It was only then that I realised that I'm walking away from GOD. I've trained lesser, less cautious, less hardworking and less PRAYERS. I didn's ask for GOD's love and guidance to help me understand each time in the class or when I study. I thanked HIM lesser each day. I became forgetful. It serves me right....

Friday, October 22, 2010

i'm back!!!

After a very very very loooooooooonng break, i've decided to reconnect with my blog. Since i've created it, then i should continue what i've started, if not, what's the point of being a buckteeth here at the first place?!

Sometimes I felt that doing a paperless journal will take the rest of my time, but, isnt it the same as writing one of them...? It would be even worse that i'll have to do some cut and paste in my little diary. At least, i know that posting up those happenings in my life will not end up hiding in a secret place in my room. So...that's it! Start telling stories to my lappy!!

It actually took me some time to make up this final decision. I would like to merge in everything about my life here, but i kind of miss out several important moments. Somehow i feel that i am too lazy to sort them out here, that's why i started to blog only recently. It simply kills off my time too easily. You think of what to write, then you have to upload some pictures, while editing is a must. Anyhow, something tells me that it is well worth to read, share, write and think of my blog.

Back to my main objectives, one of the must-post article is my baking life. Each time i successfully bring out my masterpiece from the oven, i would surely share them with those who are nearest to me. However, most of them get to enjoy the delicious view only. They are considered lucky to taste a bite. So, dear friends, i really hope that my story-telling skill will let all of you experience what i have gone through. Be disappointed NOT!

I would love to introduce a dangerous-but-the-best-ever sports to everyone i know. The ULTIMATE FRISBEE! i would recommend anyone to join in this game. Young or old, tall or short, fit or not, you are certainly most welcome! I play everyday if i end my class early. It's a must-do thing for me in Shah Alam. I eventually adopt the idea that getting involved in any activity in the evening is a way to release my tension. Even though i doubt that i cannot handle my own stress, playing frisbee makes me a free person. A place and a time that i dont have to worry about anything at all... except that i need to be extra careful to ensure my safety.
Hmmm. there's so much more that i want to share with the world. gonna start blogging!!!!!

Tuesday, July 21, 2009

All About Me..wait..not all i guess..

"I thought you're a quiet girl, Q-En. Your face look so innocent and obedient. Do you know that the first day we met...." That is my first impression from others, which, most of my friends told me after they know me quite well. Well, not to say that I am totally the opposite way behind my look. It is just that I do not talk a lot when I am not close to a person. Even if I tried to talk to them, there's nothing much to talk about. I'll just have to admit that I am not a good orator.

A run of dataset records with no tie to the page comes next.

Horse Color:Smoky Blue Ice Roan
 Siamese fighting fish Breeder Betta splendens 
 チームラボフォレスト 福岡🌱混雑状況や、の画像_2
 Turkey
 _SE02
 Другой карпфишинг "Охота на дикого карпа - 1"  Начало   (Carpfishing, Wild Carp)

Actually, I am quite a shy person, because I do not really like to speak out, especially singing. Something which I believe the most, is, the world will turn upside down, inside out and starts to rain cats and dogs, which will eventually lead to another scene of Noah's Ark, if I sing in public. I have no idea why I am always such a coward in this topic. Of course, I did try to bring out my courage when I really need to stand up for my opinion, for I will be lost in hopes and misery. But, after going through the thicks and thins, I think I became far more matured than before, in a sense of voicing out courageously, not as shy as before.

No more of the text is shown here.